■ EXTRACTED DATA
>>>>>

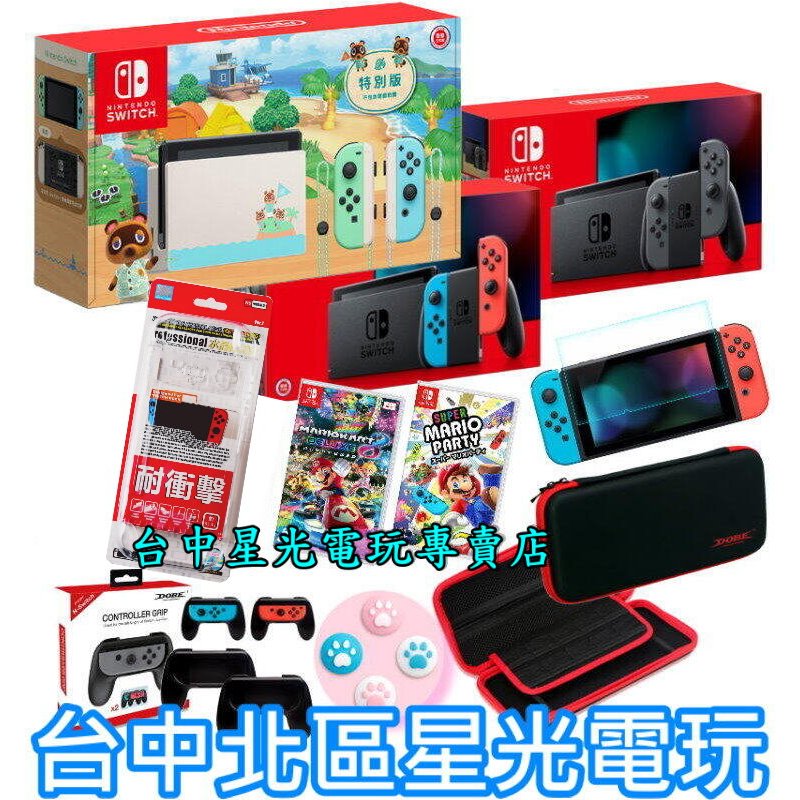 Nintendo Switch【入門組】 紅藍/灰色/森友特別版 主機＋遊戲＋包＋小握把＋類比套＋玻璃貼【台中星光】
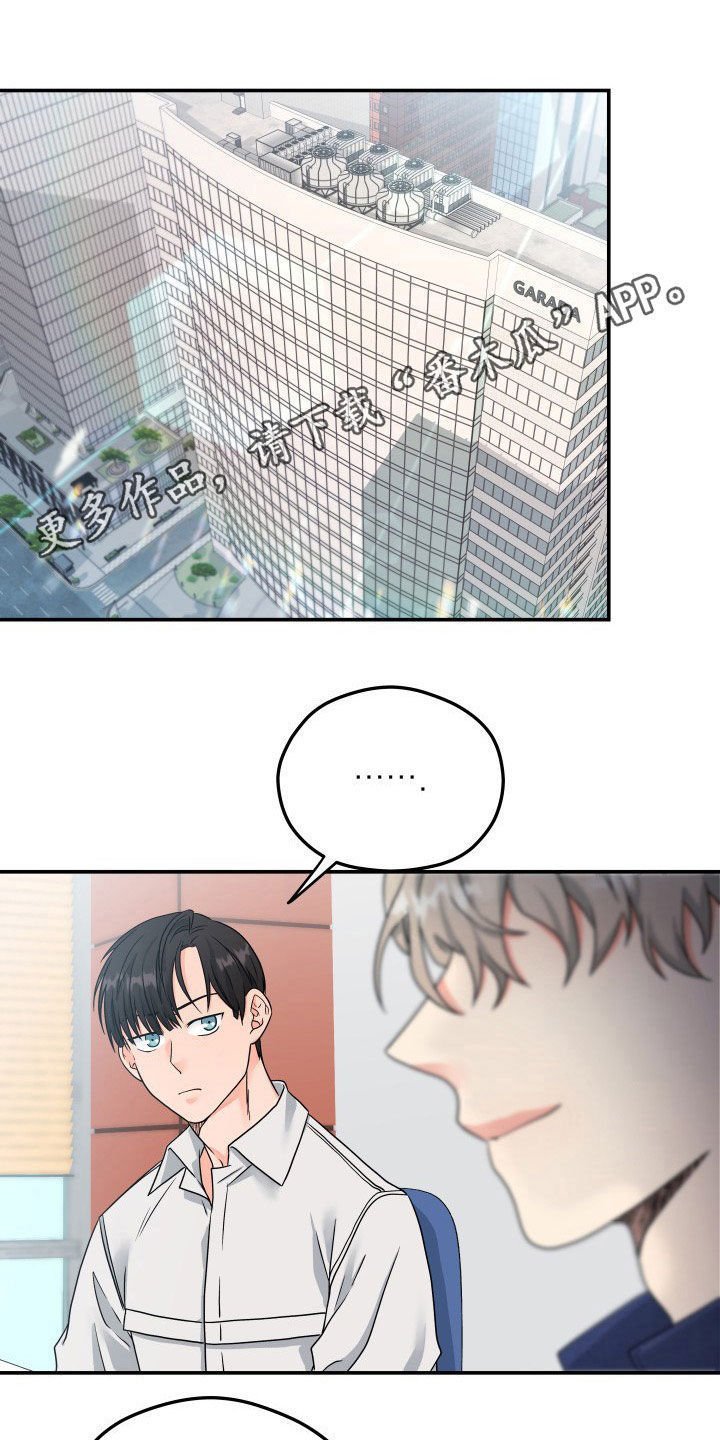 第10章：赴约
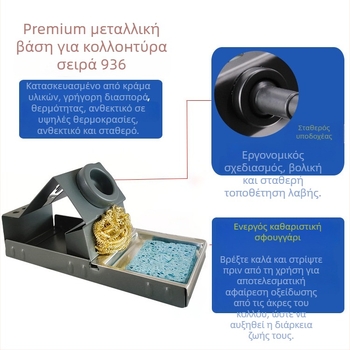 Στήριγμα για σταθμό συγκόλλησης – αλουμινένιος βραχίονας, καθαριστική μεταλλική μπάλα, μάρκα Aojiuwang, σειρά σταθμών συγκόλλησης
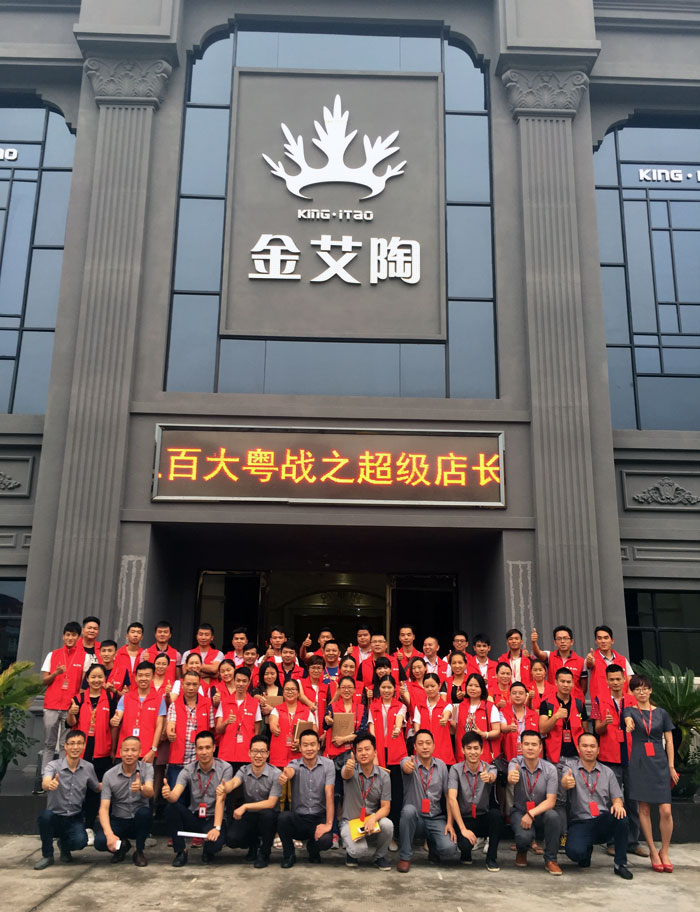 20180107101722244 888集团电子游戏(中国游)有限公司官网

<<<<<
>>>>>

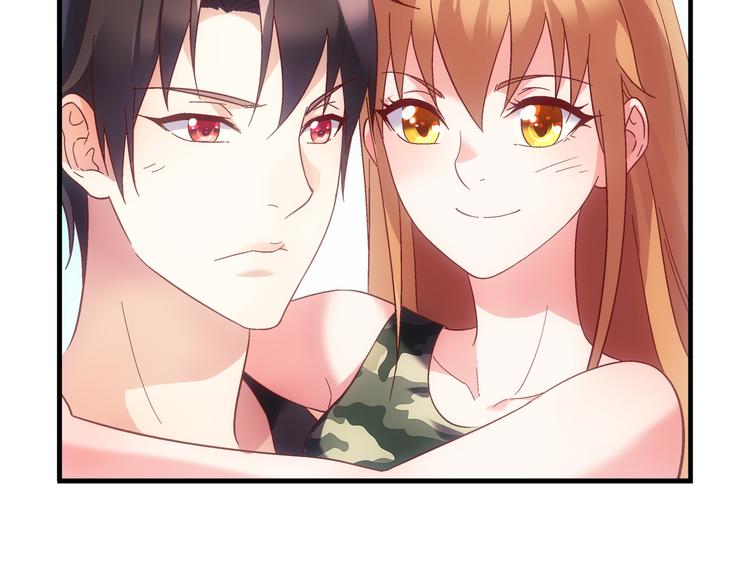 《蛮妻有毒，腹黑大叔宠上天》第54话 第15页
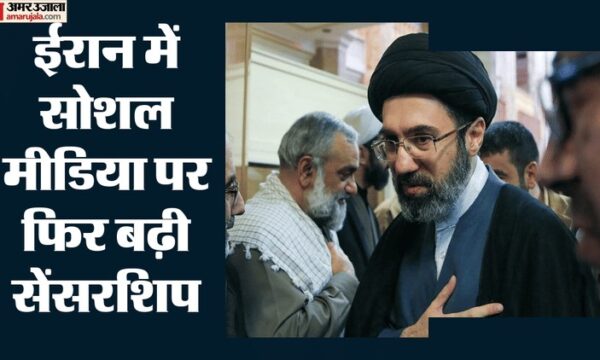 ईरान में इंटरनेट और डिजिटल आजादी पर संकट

<<<<<
>>>>>

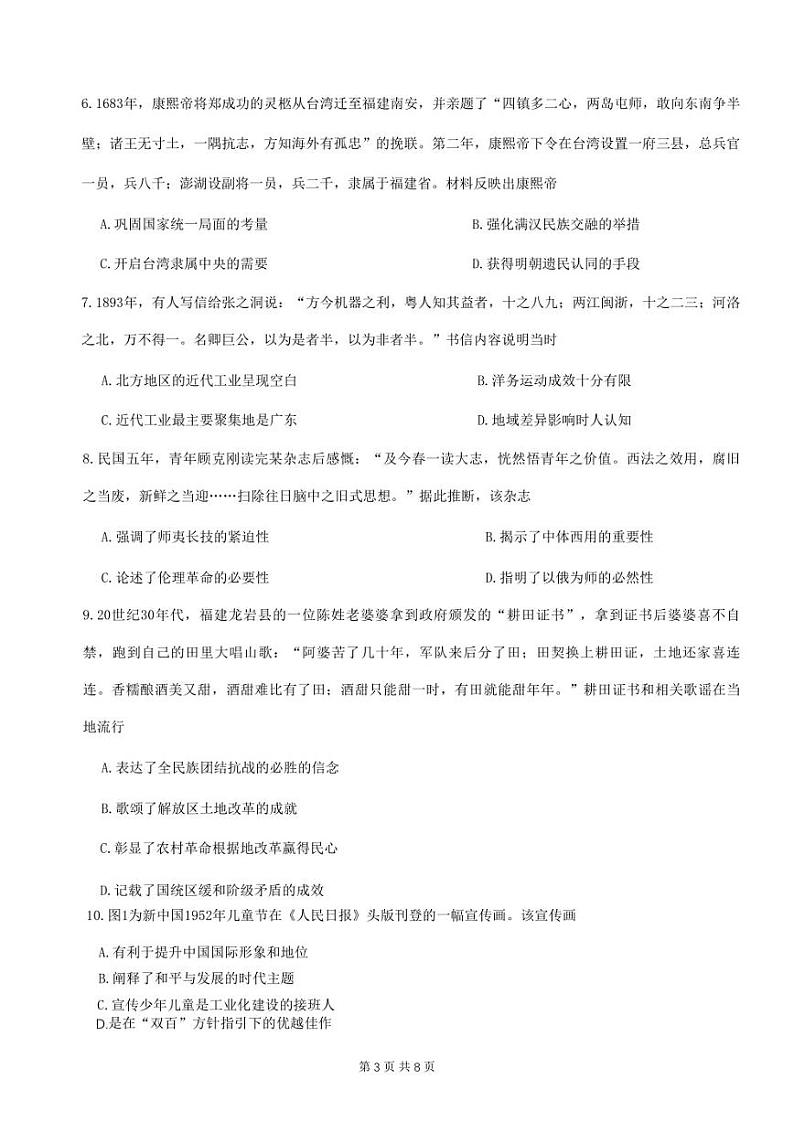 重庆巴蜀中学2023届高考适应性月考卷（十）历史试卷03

<<<<<

■ WHAT TO PRODUCE
The stretch above running from the line with "Nintendo Switch【入門組】 紅藍/灰色/森友特別版" through the line with "20180107101722244 888集团电子游戏(中国游)有限公司官网" is all you should copy, exactly, leaving out the pictures.

■ RESPONSE
 Nintendo Switch【入門組】 紅藍/灰色/森友特別版 主機＋遊戲＋包＋小握把＋類比套＋玻璃貼【台中星光】
 第10章：赴约
 Στήριγμα για σταθμό συγκόλλησης – αλουμινένιος βραχίονας, καθαριστική μεταλλική μπάλα, μάρκα Aojiuwang, σειρά σταθμών συγκόλλησης
 20180107101722244 888集团电子游戏(中国游)有限公司官网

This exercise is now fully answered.